6月の新刊:『アナーキストの大泥棒』
2014年 7月 30日
アナーキストの大泥棒――アレクサンドル・ジャコブの生涯
アラン・セルジャン
髙橋治男訳
四六判上製/392頁/定価=3200円+税
978-4-8010-0045-2 C0023 好評発売中!
装幀=宗利淳一
すべてを生産している人々には何もなく、何も生産しない奴らがすべてを所有している!
稀代の大泥棒にしてフランス最後のアナーキストの初のモノグラフ
見習い水夫として遠洋航路の舟に乗り込んだ少年時代……アナーキストとして私有財産と闘う非合法主義運動に参加した16歳……警官殺害の裁判で才気煥発の答弁を警官殺害の裁判で行い新聞を賑わせた一味の首領時代……南米ギアナの流刑地で過ごした23年間と何度となく試みる脱走劇……
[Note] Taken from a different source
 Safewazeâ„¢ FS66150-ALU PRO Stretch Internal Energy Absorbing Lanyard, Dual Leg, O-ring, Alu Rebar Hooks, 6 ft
波瀾万丈の冒険と流刑地での地獄を潜り抜けた稀代のアナーキスト、アレクサンドル・ジャコブの唯一の評伝。
【目次】
第1章 人物紹介/第2章 海からの呼び声/第3章 黒旗/第4章 非合法主義の見習い期間/第5章 夜の仕事師たち/第6章 逮捕/第7章 驚天動地の被告/第8章 流刑地/第9章 サリュー諸島/第10章 墓場での四年間/第11章 最も危険な男/第12章 ある友情/第13章 デーモン最後のいたずら/訳者あとがき
【著者】
アラン・セルジャン(Alain Sergent) 本名はアンドレ・マエ。1908年、パリに生まれ、1982年にパリの精神病院で没する。小学校卒業後すぐに働き始め、人民戦線期に共産党に入党したが、やがてガストン・ベルジュリの《社会戦線》に参加。ドイツの占領開始とともにドリオのPPFに入党。さらにジョルジュ・スーレスの片腕となって極右の《社会革命行動党》の活動を支えた。解放後に投獄されたが、占領下でレジスタンス派を助けたこともあってか、半年で釈放され、セルジャンのペンネームで作家活動を開始し、自伝的小説二点、『パンと遊び』、『私はその不良青年のあとを追った』の他、『アナーキーの歴史』や『アナーキストたち』を書き、アナーキズム運動の歴史家として優れた業績を残している。
【訳者】
髙橋治男(たかはしはるお) 1936年、千葉県に生まれる。東京都立大学大学院人文科学研究科修士課程修了。中央大学法学部教授を経て、現在は同名誉教授。専攻、フランス文学、思想。共著に『希望と幻滅の軌跡』(中央大学人文科学研究所、1987年)、主な訳書にT・B・ジェルーン『歓迎されない人々――フランスのアラブ人』(晶文社、1994年)、ミシェル・ラゴン『フランス・プロレタリア文学史――民衆表現の文学』(水声社、2011年)などがある。